**ACTIVITY:**
Reproduce only the lines that begin at the line with "NISSIN Nissin Hot" and run to the end of the entries; omit every picture.

**Pictures with short captions:**
════════════════

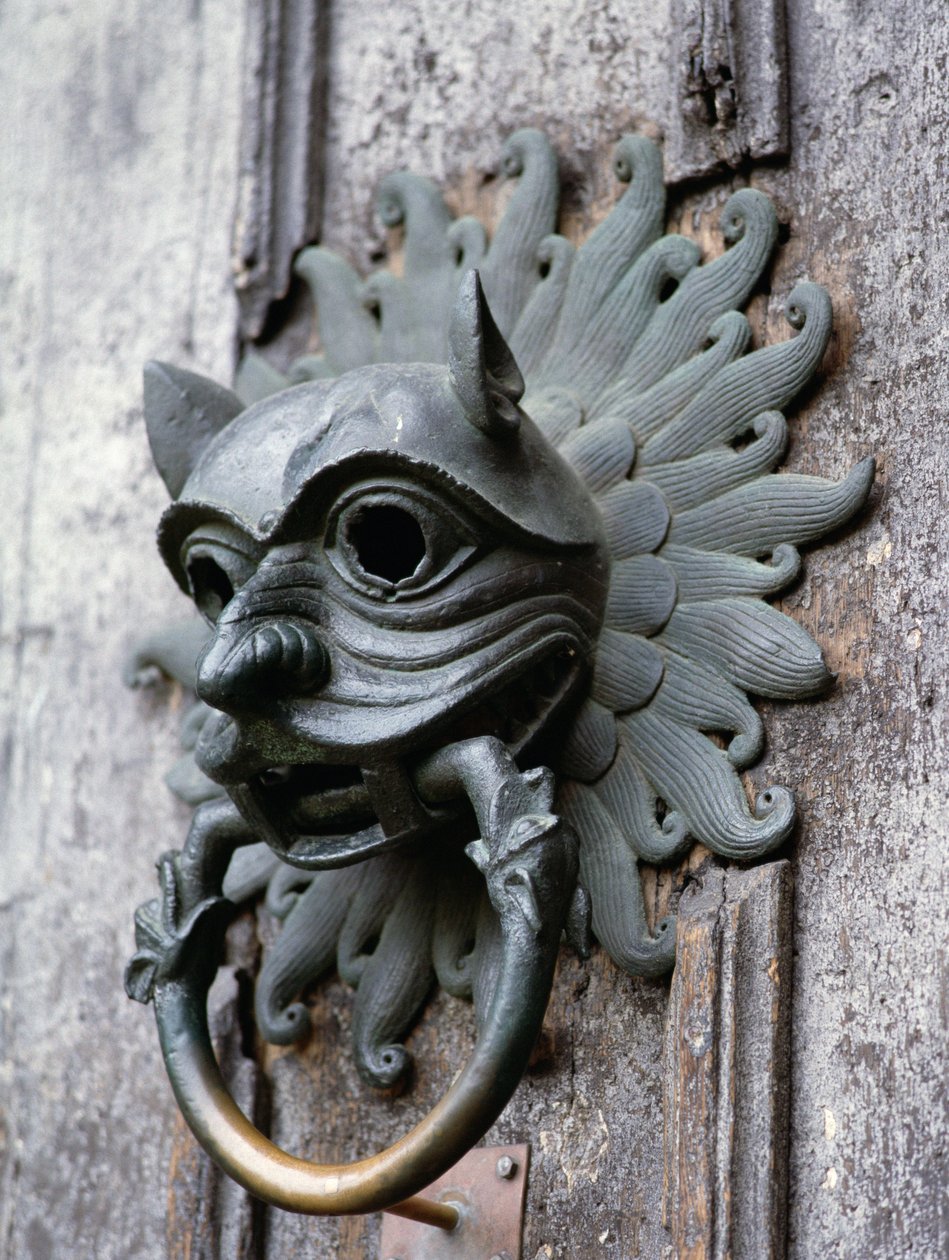 كاتدرائية دورهام ، Knocker ، نسخة أصلية من البرونز من القرن الثاني عشر (صورة) بواسطة مدرسة اللغة الإنجليزية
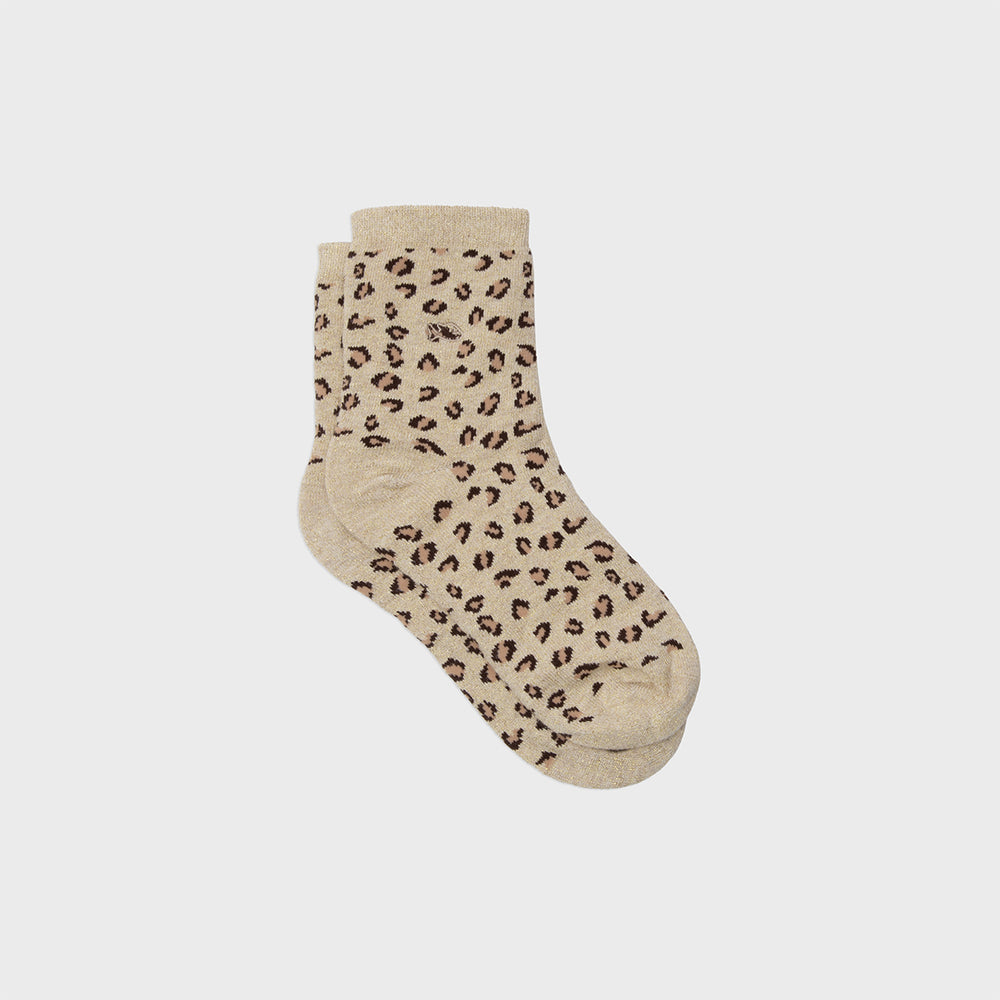 FFL03 Chaussette pailletées en coton peigné Léopard- Femme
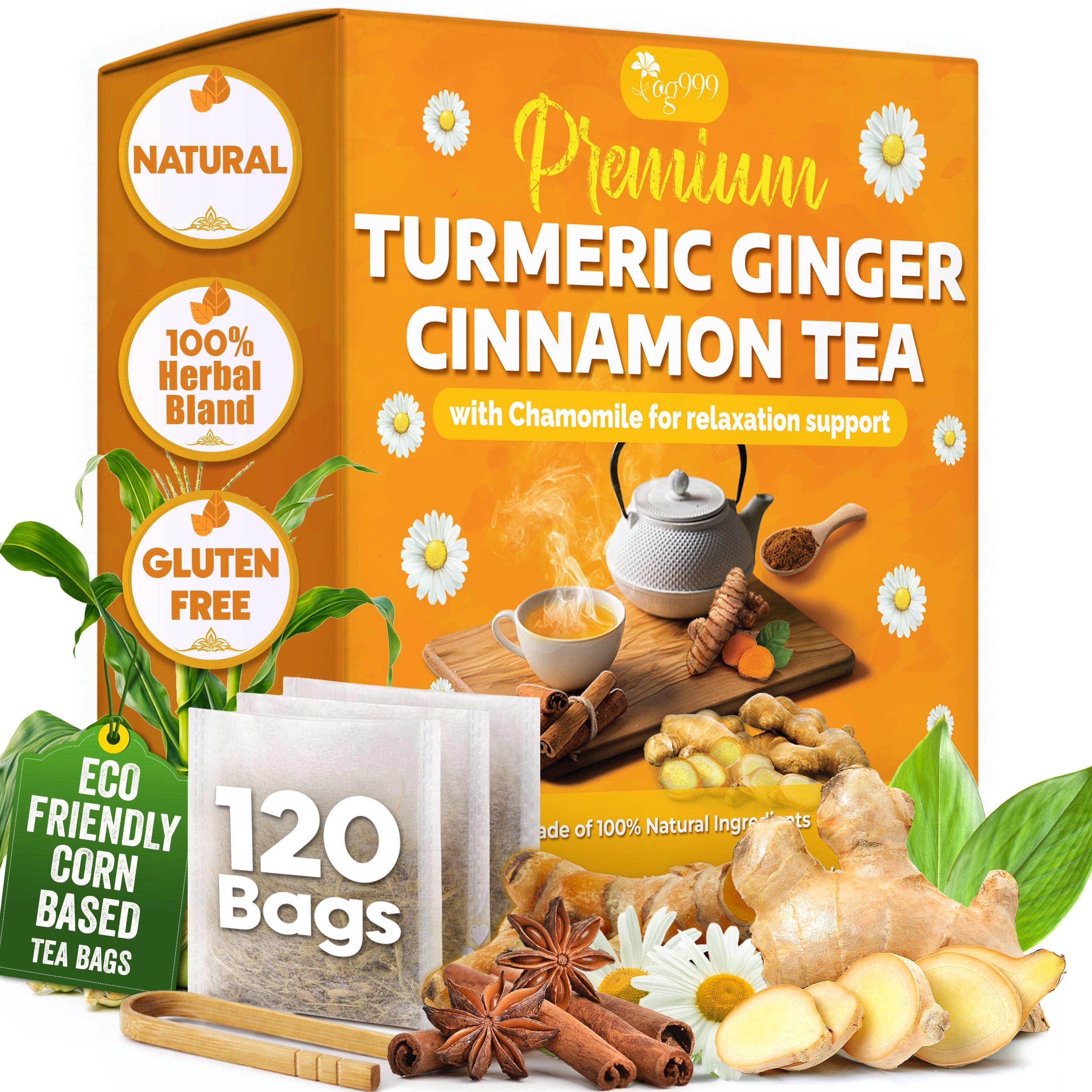 Premium Turmeric, Ginger, Cinnamon & Chamomile Flowers Tea | Improve Digestion, Support Brain, Weight, Skin and Sleep, Eco-Conscious Tea Bags by FreshDrinkUS - Natural and Premium Herbal Tea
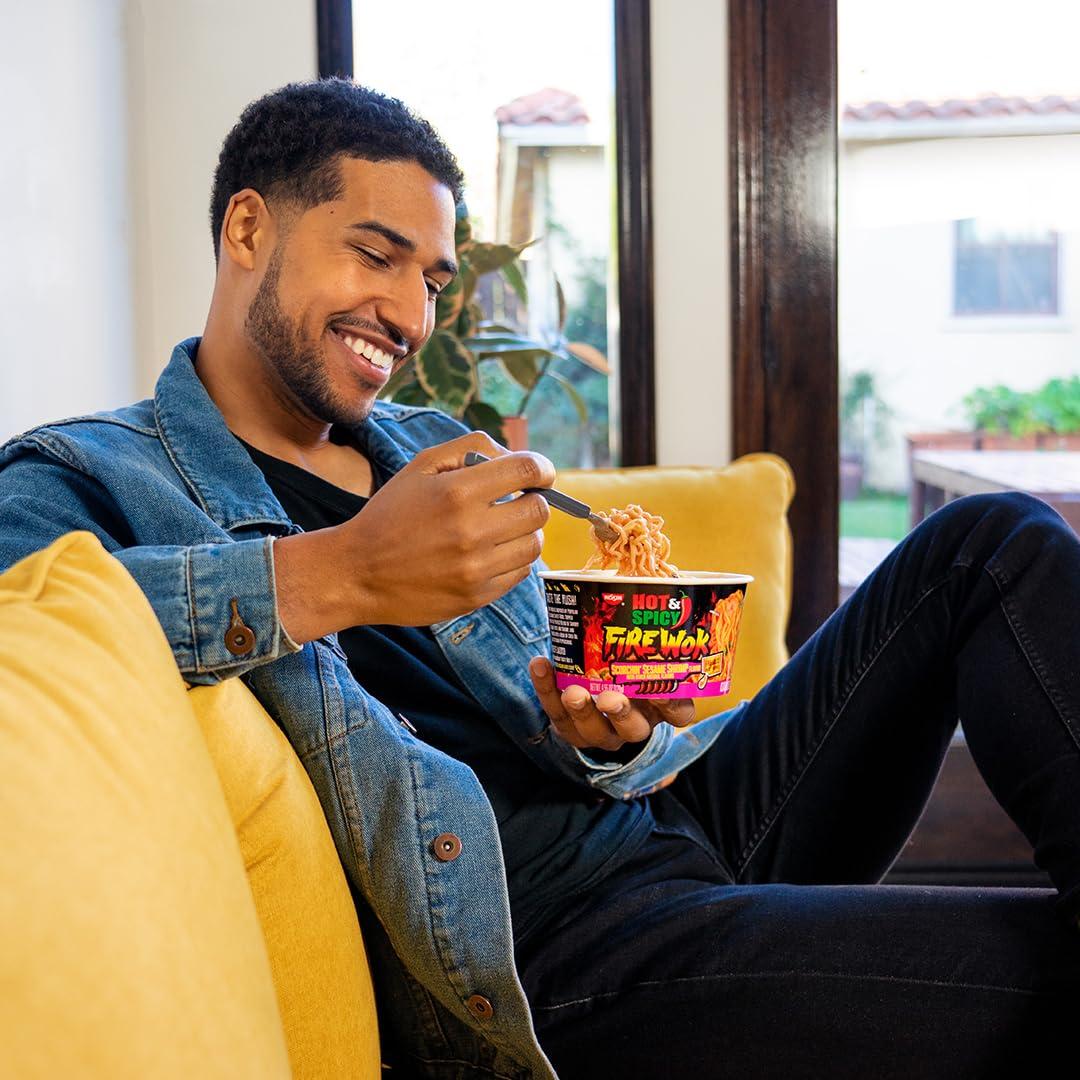 NISSIN Nissin Hot & Spicy Fire Wok, Volcanic Mongolian Beef, 4.37 Ounce (Pack of 6)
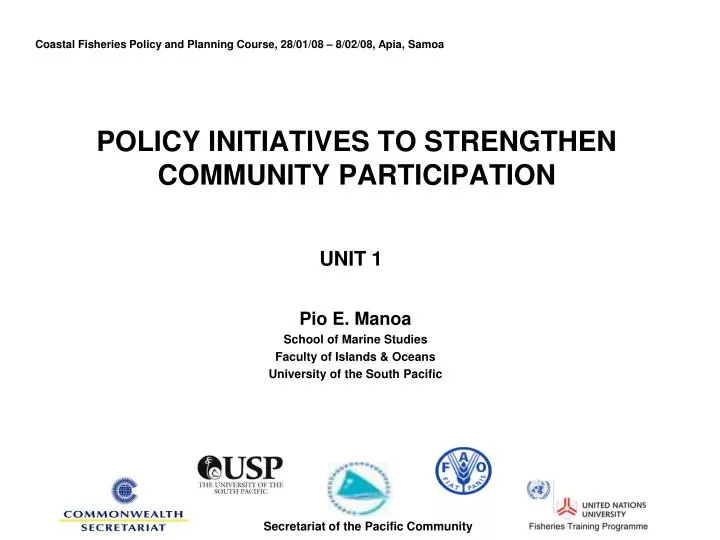 policy initiatives to strengthen community participation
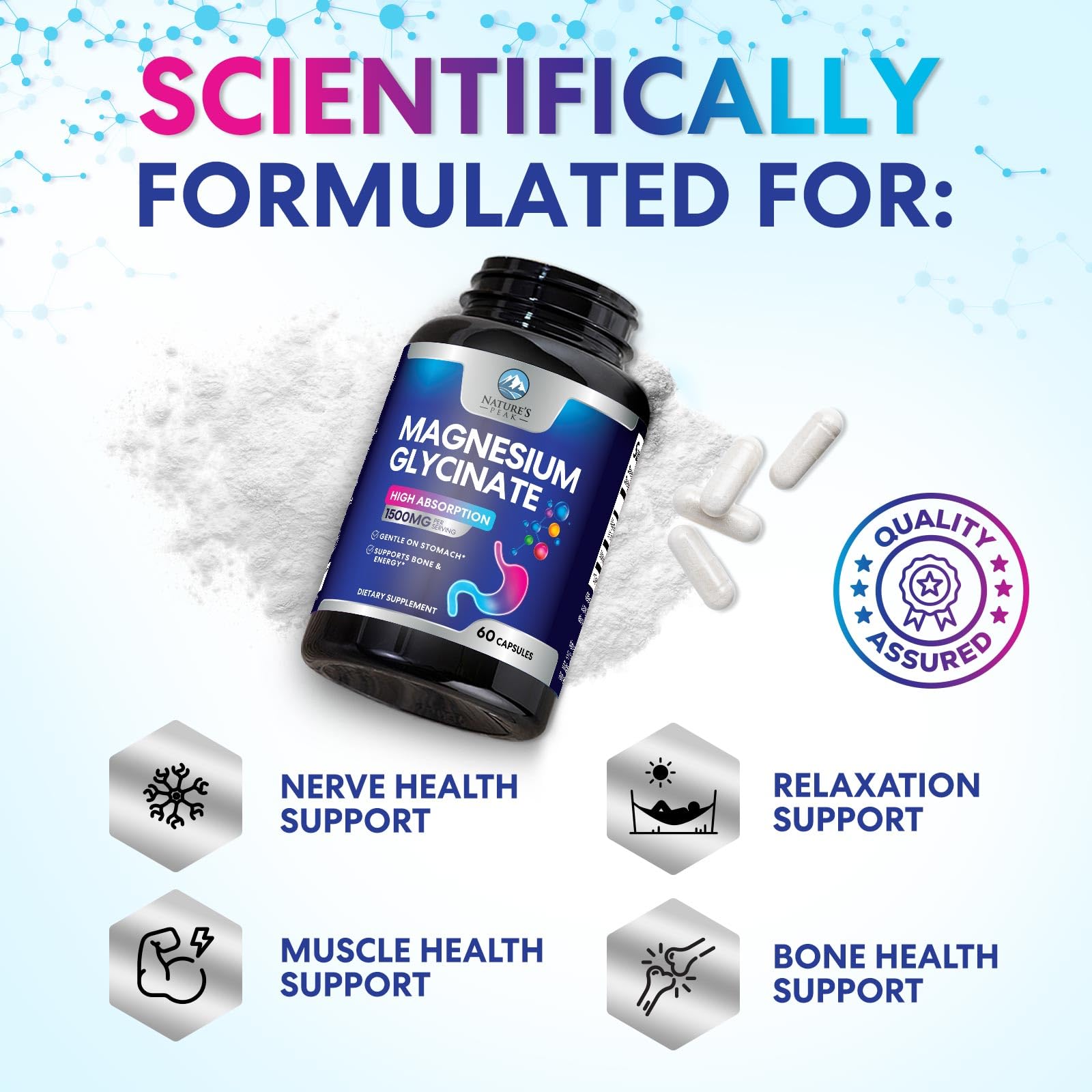 Magnesium Glycinate Supplement - 100% Chelated & Purified - for Calm, Sleep Support, Heart Health, Muscles & Bone Strength - Best Absorption Magnesium Glycinate Capsules, Bottled in USA - 60 Tablets — Amazon image 6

════════════════

**WRITTEN ANSWER:**
 NISSIN Nissin Hot & Spicy Fire Wok, Volcanic Mongolian Beef, 4.37 Ounce (Pack of 6)
 policy initiatives to strengthen community participation
 Magnesium Glycinate Supplement - 100% Chelated & Purified - for Calm, Sleep Support, Heart Health, Muscles & Bone Strength - Best Absorption Magnesium Glycinate Capsules, Bottled in USA - 60 Tablets — Amazon image 6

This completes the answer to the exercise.